Let’s change notation slightly and define \(T\) to be the transmissibility of the disease, defined by \(\frac{\beta}{\alpha}\). This is purely a disease-level value, taking no account of the network. We should be able then to express \(\mathcal{R}\) in terms of \(T\) and the network’s topology.

Choose a node at random and infect it. If we take the view that we will choose an “average” node, we expect it to have the average number of neighbours (which we denote \(\langle k \rangle\)), and this node will infect a fraction \(\beta\) of those neighbours in the time until it recovers. The expected average recovery time is \(\frac{1}{\alpha}\), and so we have that

\[\mathcal{R}_0 = T \langle k \rangle\]

This is known as the mean field solution of the epidemic equations: it assumes that every node behaves like the average node. Again it gives us a route to define \(\beta\) and \(\alpha\) given that we know both \(\mathcal{R}\) (from measurements of the disease) and \(\langle k \rangle\) (from measurements of the network).

The mean field is clearly a strong assumption to make in networks where the degree distribution is not normal. We can account for these effects by taking account of higher moments of the degree distribution, for example:

\[\mathcal{R}_0 = T \frac{\langle k^2 \rangle - \langle k \rangle}{\langle k \rangle}\]

where \(\langle k^2 \rangle\) is the variance of the degree distribution. Again, we measure the topological parameters of the network and use them to compute the probabilities.

There are a few observations we can make here. The first is that the maximum number of people that an infected node can infect is bounded by its degree, \(\langle k \rangle\) on average. Secondly, the higher moments of the distribution limit this still further. In order for there to be an epidemic we need \(\mathcal{R} > 1\). To get this from the last equation implies a threshold

\[T = \frac{\langle k \rangle}{\langle k^2 \rangle - \langle k \rangle}\]

which is the epidemic threshold for the network, often denotes \(\phi_c\): below this no epidemic will take hold. This is known as the Molloy-Reed criterion [MR96] for epidemics to spread on networks.

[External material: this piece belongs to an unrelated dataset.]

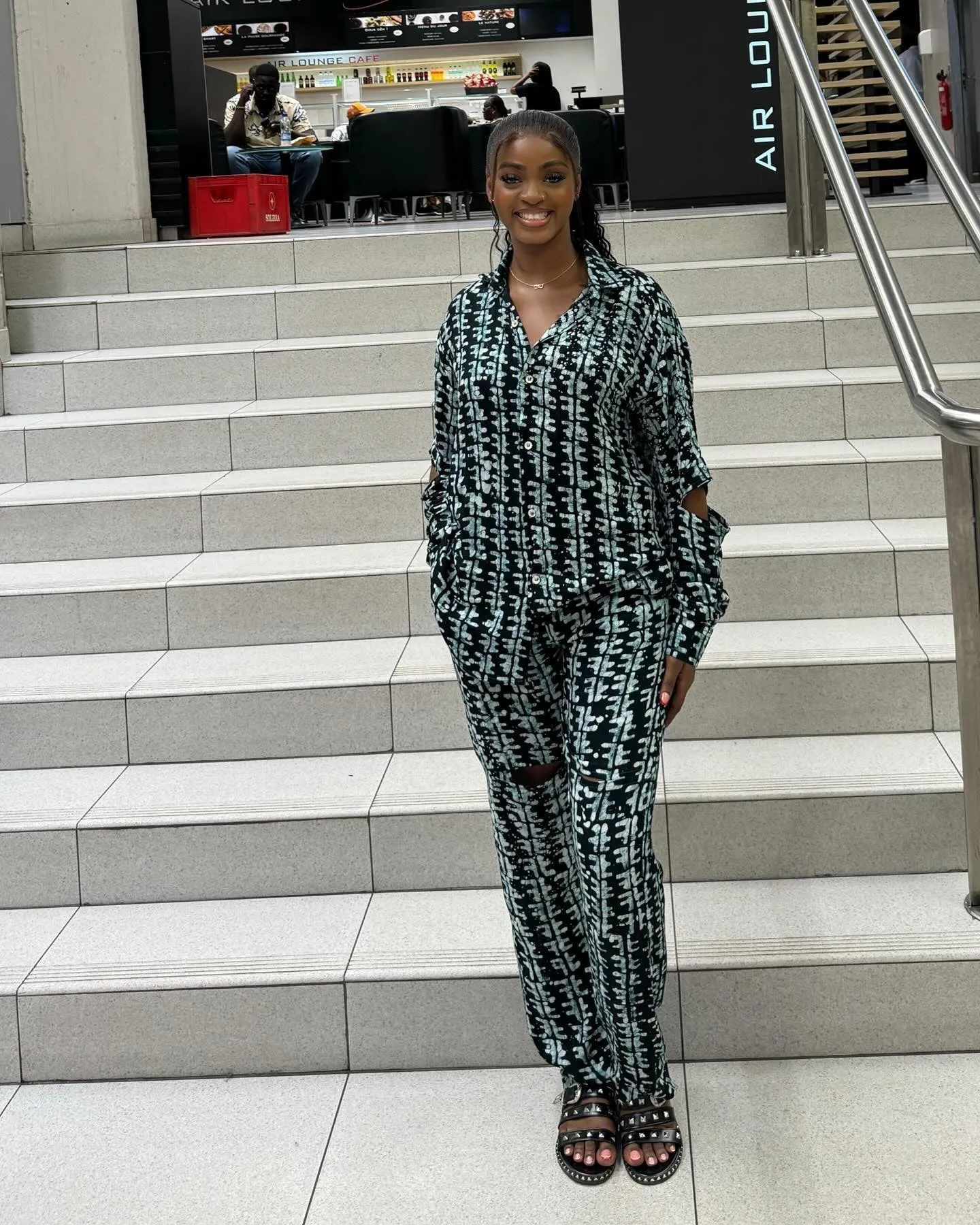 Modern African-Inspired Printed Two-Piece Shirt and Trousers Set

The third observation pertains to the second. If we have

\[\phi_c= \frac{\langle k \rangle}{\langle k^2 \rangle - \langle k \rangle}\]

then if \(\langle k^2 \rangle\) is very large then \(\phi_c\) will be very small: there will be an epidemic even for very small transmissibilities. Indeed, in the limit of \(\langle k^2 \rangle \rightarrow \infty\) it will be that \(\phi_c \rightarrow 0\). It so happens that networks with powerlaw degree distributions do indeed have such infinite variance, and powerlaw networks with a cutoff (which are used as models of human populations) often have very high variances, which implies that such networks will be very susceptible to epidemic outbreaks. (The network science community captures this with the saying that “powerlaw networks always percolate”.)

This has been a long answer to what seems like a straightforward question about the relationship between measurements collected in the field for “real” epidemics and their simulation on networks. In general we can say that we need to account for both disease and network characteristics when building a simulation intended to model a real disease. But the disease we’ve measured is itself spreading over a network of individuals in the real world – which is a network we can’t directly observe, measure, or control very precisely. In other words we have a lot of work to do to determine what disease parameters are actually in play.